The difference between the profit which can be made by the use of capital, and the interest which will be paid for it, is rightly characterized as wages of superintendance. But to infer from this that it is regulated by entirely the same principles as other wages, would be to push the analogy too far. It is wages, but wages paid by a commission upon the capital employed. If the general rate of profit is 10 per cent, and the rate of interest 5 per cent, the wages of superintendance will be 5 per cent; and though one borrower employ a capital of 100,000l., another no more than 100l., the labour of both will be rewarded with the same per centage, though, in the one ease, this symbol will represent an income of 5l., in the other case, of 5000l. Yet it cannot be pretended that the labour of the two borrowers differs in this proportion. The rule, therefore, that equal quantities of labour of equal hardness and skill are equally remunerated, does not hold of this kind of labour. The wages of any other labour are here an inapplicable criterion.

The wages of superintendance are distinguished from ordinary wages by another peculiarity, that they are not paid in advance out of capital, like the wages of all other labourers, but merge in the profit, and are not realized until the production is completed. This takes them entirely out of the ordinary law of wages. The wages of labourers who are paid in advance, are regulated by the number of competitors compared with the amount of capital; the labourers can consume no more than what has been previously accumulated. But there is no such limit to the remuneration of a kind of labour which is not paid for out of wealth previously accumulated, but out of that produce which it is itself employed in calling into existence.

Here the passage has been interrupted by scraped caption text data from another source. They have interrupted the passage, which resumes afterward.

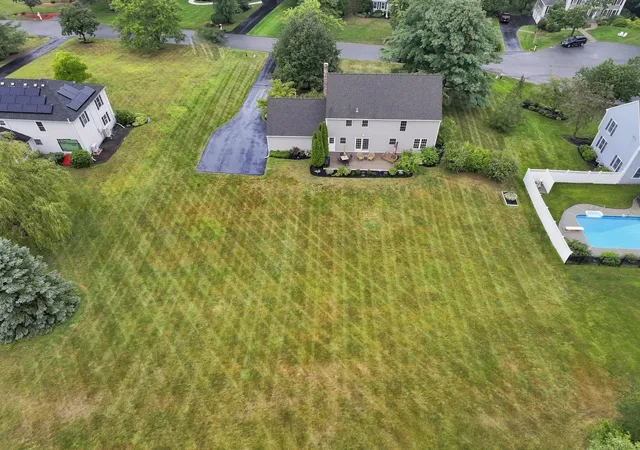 Photo 3 of Sale Pending at 207 French Farm Rd, North Andover, MA 01845 | MLS# 73574703 | Listing updated on 2026-09-15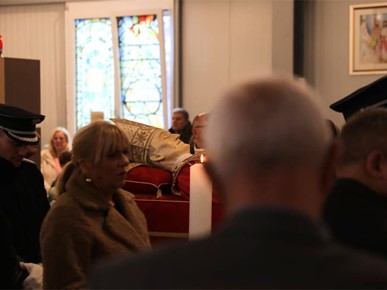 /A/2025/11/Prijenos relikvija/Relikvije bl. Alojzija Stepinca izložene u Španskom (12).jpg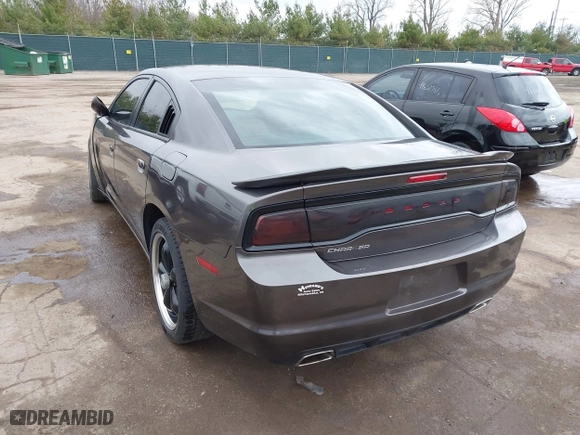2014 Dodge Charger SE with VIN 2C3CDXBG8EH357664, listed as a IAAI auction lot 41860609 with 94,918 mi miles. Bid and sale history available at carsss.com. Image 3.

When these circumstances are duly weighed, it will be perceived, that although profit may be correctly analyzed into interest and wages of superintendance, we ought not to lay it down as the law of interest, that it is profits minus the wages of superintendance. Of the two expressions, it would be decidedly the more correct, that the wages of superintendance are regulated by the rate of interest, or are equal to profits minus interest. In strict, propriety, neither expression would be allowable. Interest, and the wages of superintendance, can scarcely be said to depend upon one another. They are to one another in the same relation as wages and profits are. They are like two buckets in a well: when one rises, the other descends, but neither of the two motions is the cause of the other; both are simultaneous effects of the same cause, the turning of the windlass.

There are among the capitalists of every country a considerable number who are habitually, and almost necessarily, lenders; to whom scarcely any difference between what they could receive for their money and what could be made by it, would be an equivalent for incurring the risk and labour of carrying on business. In this predicament is the property of widows and orphans; of many public bodies; of charitable institutions; most property which is vested in trustees; and the property of a great number of persons unused to business, and who have a distaste for it, or whose other occupations prevent their engaging in it. How large a proportion of the property lent to the nation comes under this description, has been pointed out in Mr. Tooke's Considerations on the State of the Currency.

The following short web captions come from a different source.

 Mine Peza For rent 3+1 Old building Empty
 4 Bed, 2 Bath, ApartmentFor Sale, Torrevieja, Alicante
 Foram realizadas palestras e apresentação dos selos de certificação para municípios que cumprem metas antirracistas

There is another large class, consisting of bankers, bill-brokers, and others, who are money-lenders by profession; who enter into that profession with the intention of making such gains as it will yield them, and who would not be induced to change their business by any but a very strong pecuniary inducement.

There is, therefore, a large class of persons who are habitually lenders. On the other hand, all persons in business may be considered as habitually borrowers. Except in times of stagnation, they are all desirous of extending their business beyond their own capital, and are never desirous of lending any portion of their capital except for very short periods, during which they cannot advantageously invest it in their own trade.

There is, in short, a productive class, and there is, besides, a class technically styled the monied class, who live upon the interest of their capital, without engaging personally in the work of production.

The class of borrowers may be considered as unlimited. There is no quantity of capital that could be offered to be lent, which the productive classes would not be willing to borrow, at any rate of interest which would afford them the slightest excess of profit above a bare equivalent for the additional risk, incurred by that transaction, of the evils attendant on insolvency. The only assignable limit to the inclination to borrow, is the power of giving security: the producers would find it difficult to borrow more than an amount equal to their own capital. If more than half the capital of the country were in the hands of persons who preferred lending it to engaging personally in business, and if the surplus were greater than could be invested in loans to Government, or in mortgages upon the property of unproductive consumers; the competition of lenders would force down the rate of interest very low. A certain portion of the monied class would be obliged either to sacrifice their predilections by engaging in business, or to lend on inferior security; and they would accordingly accept, where they could obtain good security, an abatement of interest equivalent to the difference of risk.

This is an extreme case. Let us put an extreme case of a contrary kind. Suppose that the wealthy people of any country, not relishing an idle life, and having a strong taste for gainful labour, were generally indisposed to accept of a smaller income in order to be relieved from the labour and anxiety of business. Every producer in flourishing circumstances would be eager to borrow, and few willing to lend. Under these circumstances the rate of interest would differ very little from the rate of profit. The trouble of managing a business is not proportionally increased by an increase of the magnitude of the business; and a very small surplus profit above the rate of interest, would therefore be a sufficient inducement to capitalists to borrow.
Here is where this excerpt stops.